For unknown reasons, instant coffee may decrease iron absorption compared to regular coffee. Normally, the intestines absorb about 5.88 percent of the iron you ingest. With regular drip coffee, that percentage is reduced to 1.64 percent. With instant coffee, it is only 0.97 percent.
Tip: You can avoid any malabsorption of iron due to coffee consumption by drinking coffee one hour or more before eating. Also, don't drink coffee for several hours after eating.
There is some indication that there may be an increased risk of bladder cancer for women who drink instant coffee compared to regular coffee. This possible increased risk does not appear to apply to men.
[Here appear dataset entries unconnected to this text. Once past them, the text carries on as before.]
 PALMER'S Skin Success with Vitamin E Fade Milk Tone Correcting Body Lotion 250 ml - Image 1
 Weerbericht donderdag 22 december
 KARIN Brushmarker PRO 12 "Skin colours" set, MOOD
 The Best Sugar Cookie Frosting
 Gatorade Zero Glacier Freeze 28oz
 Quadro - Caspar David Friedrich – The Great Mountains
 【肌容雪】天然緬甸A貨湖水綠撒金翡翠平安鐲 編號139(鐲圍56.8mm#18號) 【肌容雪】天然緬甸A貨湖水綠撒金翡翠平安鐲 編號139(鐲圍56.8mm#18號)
Interestingly, brewed instant coffee is generally much lower in the carcinogen acrylamide than freshly brewed coffee (3 to 7 parts per billion for instant compared to 6 to 13 parts per billion for brewed).
Instant Coffee vs. Espresso Powder
Espresso powder—or instant espresso—is very similar to instant coffee, but it's stronger and is often made from a better quality coffee. It's usually made from darker roasted beans with a higher percentage of Arabica beans in the blend, resulting in a darker, smoother taste. It's also usually dried with the freeze-drying method to preserve flavor.
You can substitute instant coffee for instant espresso in recipes by using 50 percent more than the recipe calls for. But be warned, it may have a harsher taste than it would if you use espresso powder. Adding a little extra sugar can help counteract unwanted bitterness from instant coffee powder.